WORK ITEM = Where the records below reach the line containing "Slide of Maestros Home Services", start transcribing, and end with the line containing "21 Beacon St 4G, Boston, MA 02108", exactly and with nothing else added.

___ THE DATA ___

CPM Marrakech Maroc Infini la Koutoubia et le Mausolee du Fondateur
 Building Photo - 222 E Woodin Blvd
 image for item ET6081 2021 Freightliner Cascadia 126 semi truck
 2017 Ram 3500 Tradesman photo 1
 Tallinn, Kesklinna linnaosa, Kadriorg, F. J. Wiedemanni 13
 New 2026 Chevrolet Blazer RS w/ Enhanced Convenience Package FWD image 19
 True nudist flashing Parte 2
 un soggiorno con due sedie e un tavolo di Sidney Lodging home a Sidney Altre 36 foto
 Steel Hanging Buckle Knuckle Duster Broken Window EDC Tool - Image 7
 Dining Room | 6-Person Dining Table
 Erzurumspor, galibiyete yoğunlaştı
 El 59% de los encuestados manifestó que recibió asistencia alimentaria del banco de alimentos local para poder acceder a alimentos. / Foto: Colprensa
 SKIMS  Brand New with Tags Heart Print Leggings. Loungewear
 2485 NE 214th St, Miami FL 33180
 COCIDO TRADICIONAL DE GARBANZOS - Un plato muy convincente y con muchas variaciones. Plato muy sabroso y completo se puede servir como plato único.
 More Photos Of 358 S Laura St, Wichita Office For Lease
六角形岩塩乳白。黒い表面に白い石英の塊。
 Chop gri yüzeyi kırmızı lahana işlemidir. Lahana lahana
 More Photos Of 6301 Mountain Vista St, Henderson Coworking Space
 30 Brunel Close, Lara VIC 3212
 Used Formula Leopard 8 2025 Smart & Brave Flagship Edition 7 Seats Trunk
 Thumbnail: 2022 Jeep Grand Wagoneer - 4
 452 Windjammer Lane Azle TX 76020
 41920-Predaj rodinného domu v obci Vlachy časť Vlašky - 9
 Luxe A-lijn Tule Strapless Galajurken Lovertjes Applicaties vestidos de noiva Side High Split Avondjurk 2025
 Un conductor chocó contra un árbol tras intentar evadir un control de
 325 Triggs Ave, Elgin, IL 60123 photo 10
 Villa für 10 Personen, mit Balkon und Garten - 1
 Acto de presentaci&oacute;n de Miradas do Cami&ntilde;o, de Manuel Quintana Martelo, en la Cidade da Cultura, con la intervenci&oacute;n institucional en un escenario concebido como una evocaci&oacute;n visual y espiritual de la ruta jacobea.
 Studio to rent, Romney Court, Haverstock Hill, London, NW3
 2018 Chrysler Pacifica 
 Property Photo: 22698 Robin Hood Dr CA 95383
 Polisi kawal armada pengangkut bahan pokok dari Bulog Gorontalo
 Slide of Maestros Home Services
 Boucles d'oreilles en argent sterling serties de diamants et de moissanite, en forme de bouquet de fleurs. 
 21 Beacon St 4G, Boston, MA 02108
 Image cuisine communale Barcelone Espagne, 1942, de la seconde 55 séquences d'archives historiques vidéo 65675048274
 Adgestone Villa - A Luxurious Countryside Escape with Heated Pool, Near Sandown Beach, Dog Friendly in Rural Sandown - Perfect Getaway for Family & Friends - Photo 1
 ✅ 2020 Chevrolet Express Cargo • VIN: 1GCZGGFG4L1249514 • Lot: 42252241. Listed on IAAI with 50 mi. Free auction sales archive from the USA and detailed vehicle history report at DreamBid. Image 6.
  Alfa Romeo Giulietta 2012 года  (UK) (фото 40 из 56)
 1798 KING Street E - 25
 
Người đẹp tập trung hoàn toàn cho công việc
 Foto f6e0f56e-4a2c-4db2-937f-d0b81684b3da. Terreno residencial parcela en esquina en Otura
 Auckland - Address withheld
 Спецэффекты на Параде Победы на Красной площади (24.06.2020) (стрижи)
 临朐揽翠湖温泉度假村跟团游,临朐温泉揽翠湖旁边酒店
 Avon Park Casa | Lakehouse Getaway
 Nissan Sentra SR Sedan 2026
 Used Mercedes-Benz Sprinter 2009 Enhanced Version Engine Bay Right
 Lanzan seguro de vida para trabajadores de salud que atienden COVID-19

___

ANSWER SECTION =
 Slide of Maestros Home Services
 Boucles d'oreilles en argent sterling serties de diamants et de moissanite, en forme de bouquet de fleurs. 
 21 Beacon St 4G, Boston, MA 02108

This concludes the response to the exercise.